Using data from household consumption surveys for a group of African countries, Demery and Squire (1996) find that those countries which implemented effective World Bank and IMF reform programs generated declines in overall poverty; those that implemented ineffective reforms programs generated increases in overall poverty. As with Garuda (2000), they find that real exchange rate depreciation is a key component of a successful, poverty-reducing adjustment strategy, through its beneficial effect on export-led economic growth, its changing the structure of production in favor of labor-intensive agriculture (which employs the majority of the poor), and the reduction of rents earned (through import quotas and exchange controls) by urban households. The important message is that the maintenance of overvalued exchange rates hurts the poor.10, 11

These results are broadly consistent with analyses conducted by the Fund itself as to the consequences for poverty and income inequality of IMF-supported programs. In IMF (1986), the experience of programs in 94 countries in the 1980s indicated that the effect on poverty and income distribution varied with the composition of programs. Poverty-reducing and distribution-improving measures included real devaluation, elimination of exchange controls, expanded access to credit markets, the widening of the tax base to property and income taxes and the switching of expenditures to basic health and education. Measures that had the reverse effect included increases in indirect taxes (such as customs duties and value-added taxes), and the erosion of expenditures on social safety nets.

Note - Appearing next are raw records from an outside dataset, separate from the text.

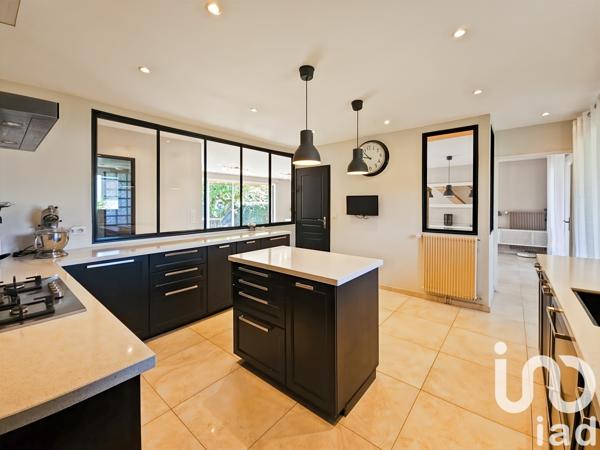 Maison à vendre 6 pièces 133 m² Brie-Comte-Robert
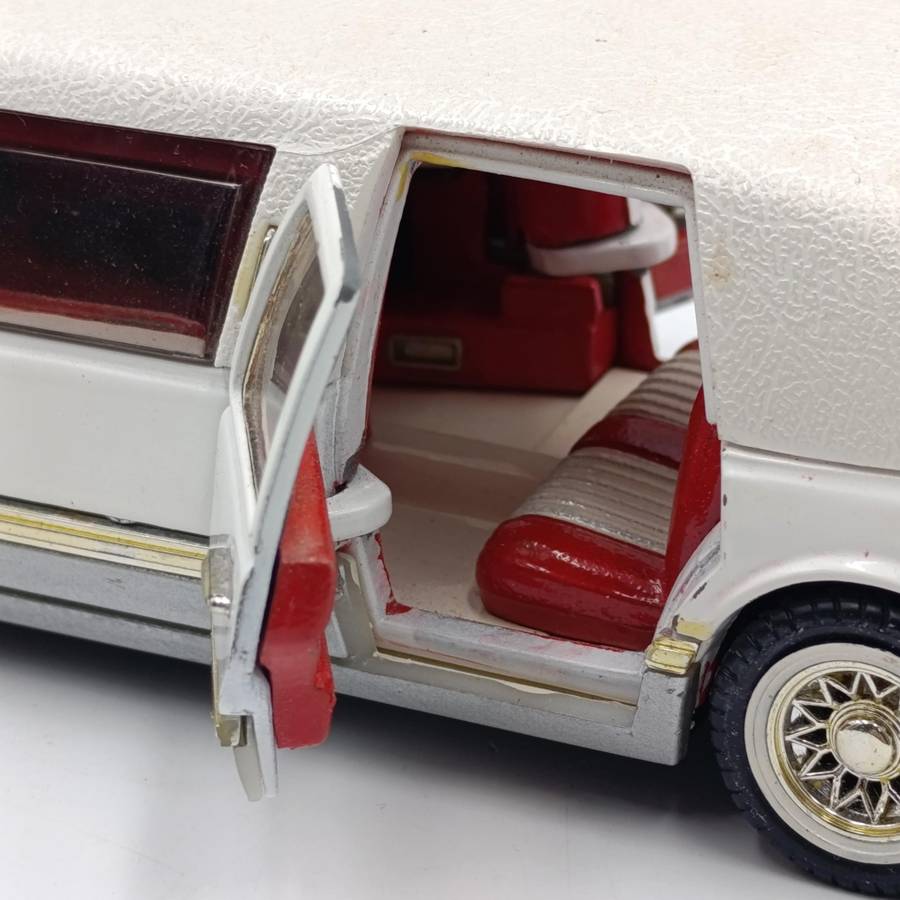 1996 Lincoln Limousine die-cast model car - scale 1/24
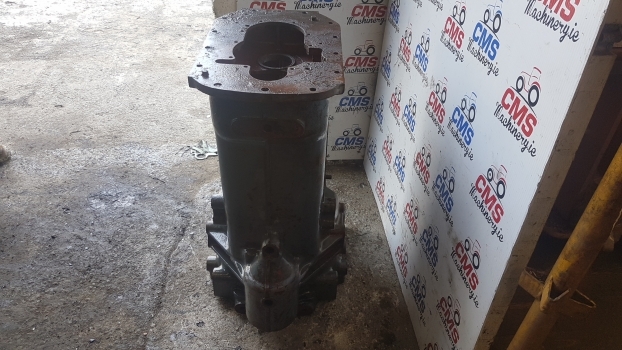 New Holland Ts Series Transmission Gearbox Housing 82006985, 82012331. - Getriebe für Traktor: das Bild 2 New Holland Ts Series Transmission Gearbox Housing 82006985, 82012331. - Getriebe für Traktor: das Bild 2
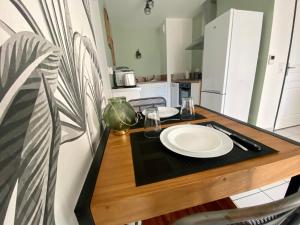Kuchyňa alebo kuchynka v ubytovaní le Clot Saint Clement - Logement de charme Rouen - 091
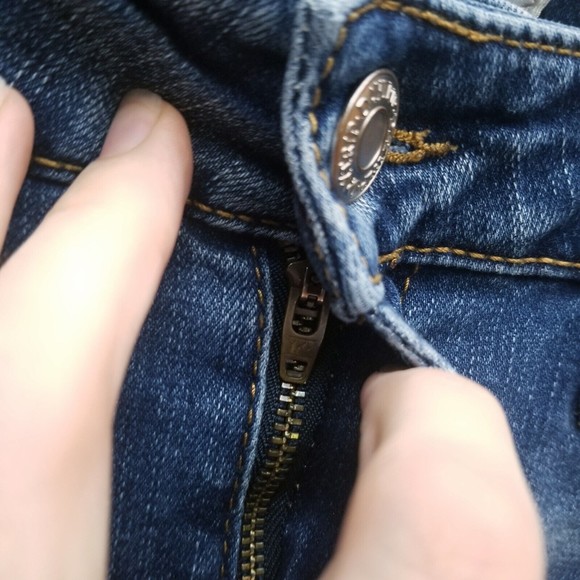 Daytrip Women's 28 Virgo Blue Cropped Bootcut Jeans 31.75" 24.25" 9" - Picture 5 of 12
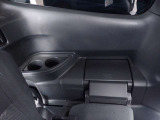 納車前に整備を行いその際に、エンジンオイル、オイルフィルター、ワイパーゴムの交換も実施致します!!
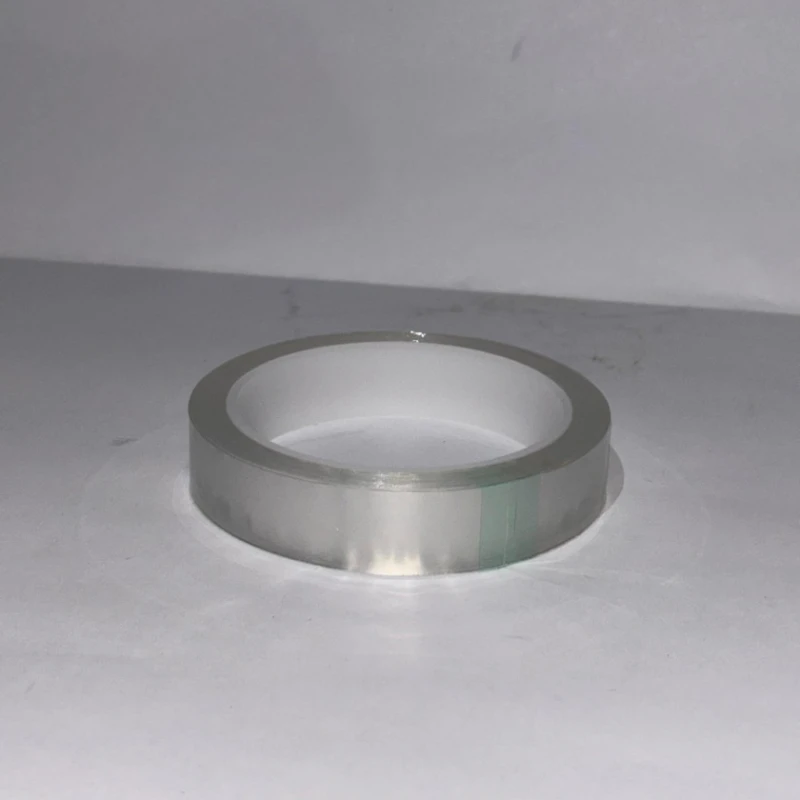 Двусторонняя клейкая лента белая прозрачная 2см Двусторонняя клейкая лента белая прозрачная 2см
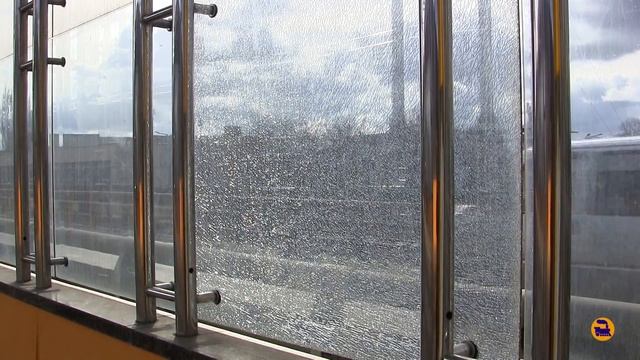 Трамвайная остановка по-киевски смотреть онлайн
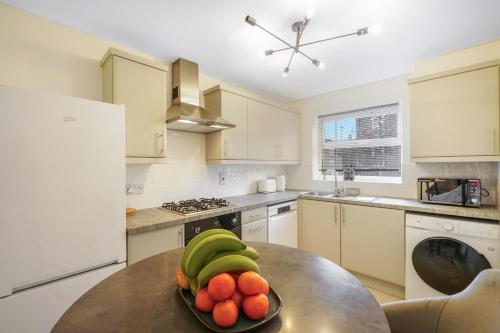 Η κουζίνα ή μικρή κουζίνα στο Aylesbury 3BR Home, Sleeps 6, Families & Contractors Homely Stay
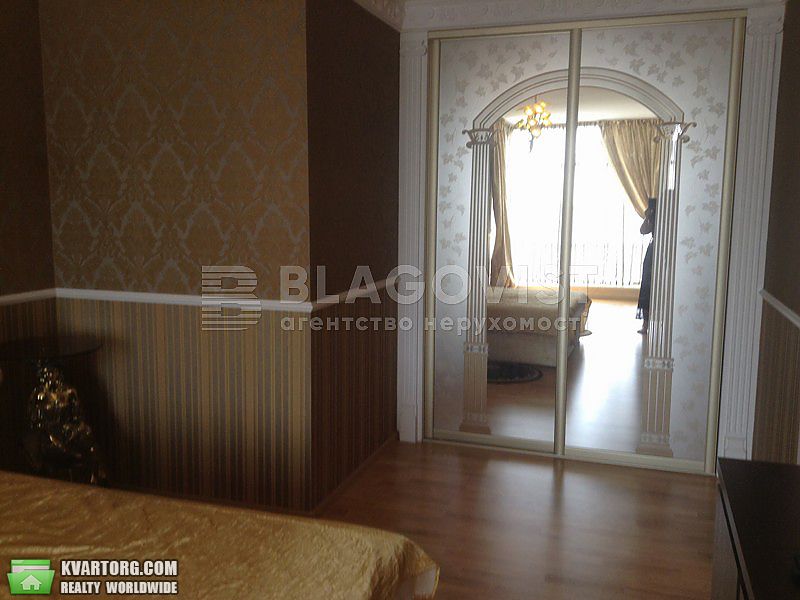 Rent out 4-room apartment. Киев, Днепровская набережная — photo 4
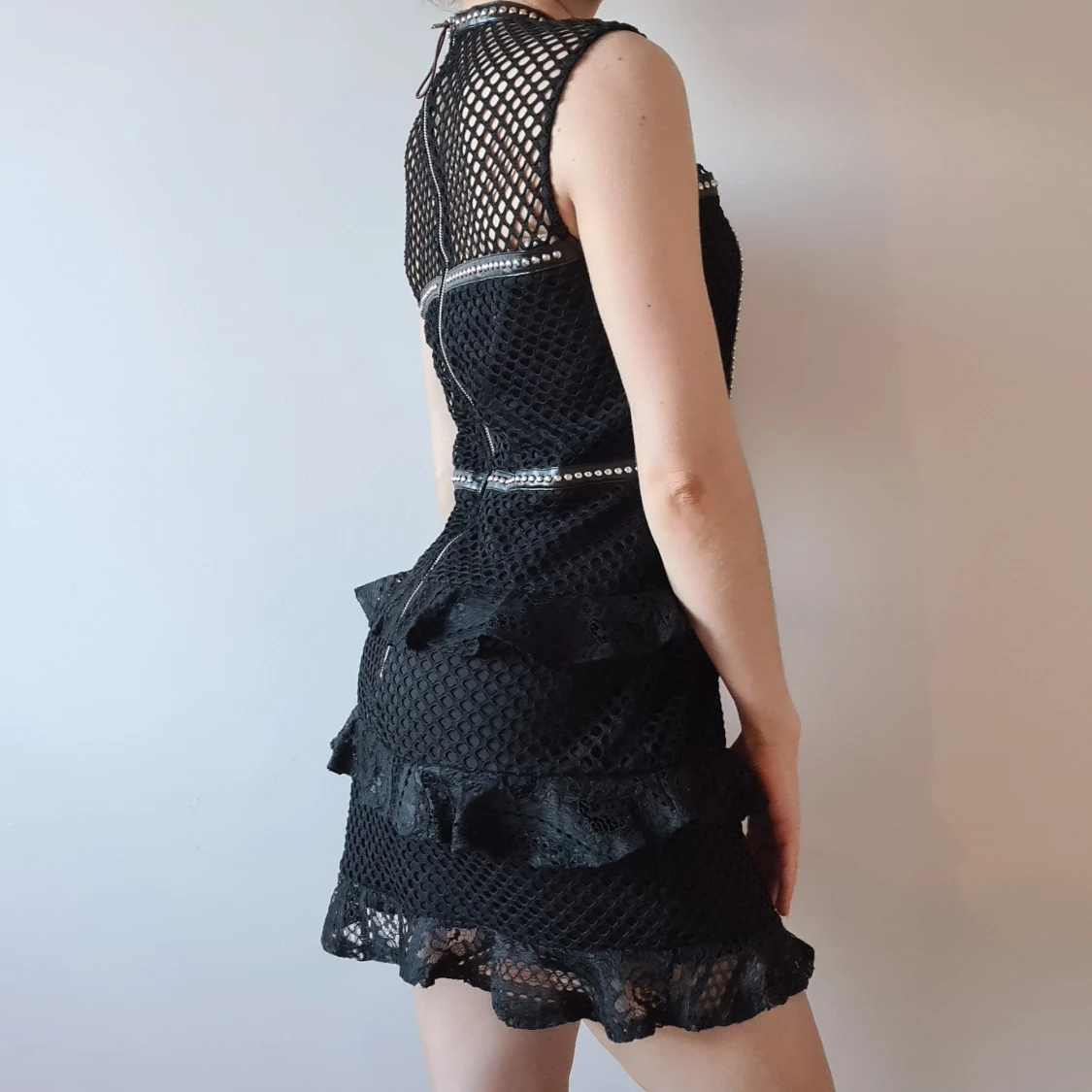 Svart nätklänning med nitar, stl S - 90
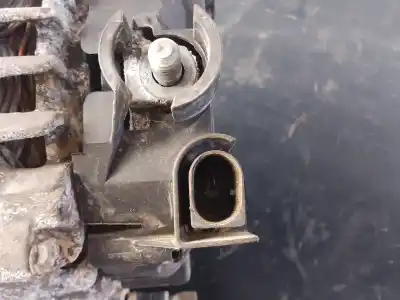 Pezzo di ricambio per auto di seconda mano alternatore per ford c-max ii (dxa/cb7, dxa/ceu) 1.6 tdci riferimenti oem iam av6n10300dc p3-a5-3-2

III. A Preliminary Look at the Data

Indicators of well-being have improved in the vast majority of countries over the past few decades, though with major variation both within countries and across countries. A well-known composite indicator of well-being is the UNDP’s Human Development Index (HDI), which is defined as the arithmetic average of a country’s achievements in three basic dimensions of human development.12 These include longevity (measured by life expectancy at birth); educational attainment (measured by a combination of the adult literacy rate and the enrolment ratio in primary, secondary and tertiary education); and living standards (measured by GDP per capita in U.S. dollars at purchasing power parity).

The HDI has a number of advantages: it moves beyond per capita income alone as a measure of well-being; it is compiled with uniform data sources and methodology over time and across countries; and it is available for 100 countries on a consistent basis over the period 1975-98.13 The HDI does not capture income inequality directly. However, for a given per capita income, countries where income is distributed more evenly will tend to display greater average longevity and educational attainment, and therefore a higher HDI, because of the obvious limits to longevity and educational attainment faced by individual people.

Both the HDI and per capita income are highly correlated with other widely-used measures of poverty, such as: the UNDP’s Human Poverty Index (HPI);14 the share of the population with income less than $1 per day (a World Bank measure); the share of the population that is undernourished (a Food and Agriculture Organization measure); and measures of well-being, such as life expectancy, infant mortality, and educational attainment.15 Figure 1 shows the close association among some of these variables. Figure 2 reports the association between the HDI and a measure of income distribution—the Gini coefficient.

Figure 1.
Figure 1.

Human Development Index (HDI), Human Poverty Index (HPI) and Poverty Line: 1998

Citation: IMF Working Papers 2001, 135; 10.5089/9781451855708.001.A001

Source: UNDP, Human Development Report (2000); and World Development Indicators.1/ Most recent available observation.
Figure 2.
Figure 2.

Human Development Index (HDI) and Gini Coefficient

Citation: IMF Working Papers 2001, 135; 10.5089/9781451855708.001.A001

Source: UNDP, Human Development Report (2000) and World Development Indicators (2000).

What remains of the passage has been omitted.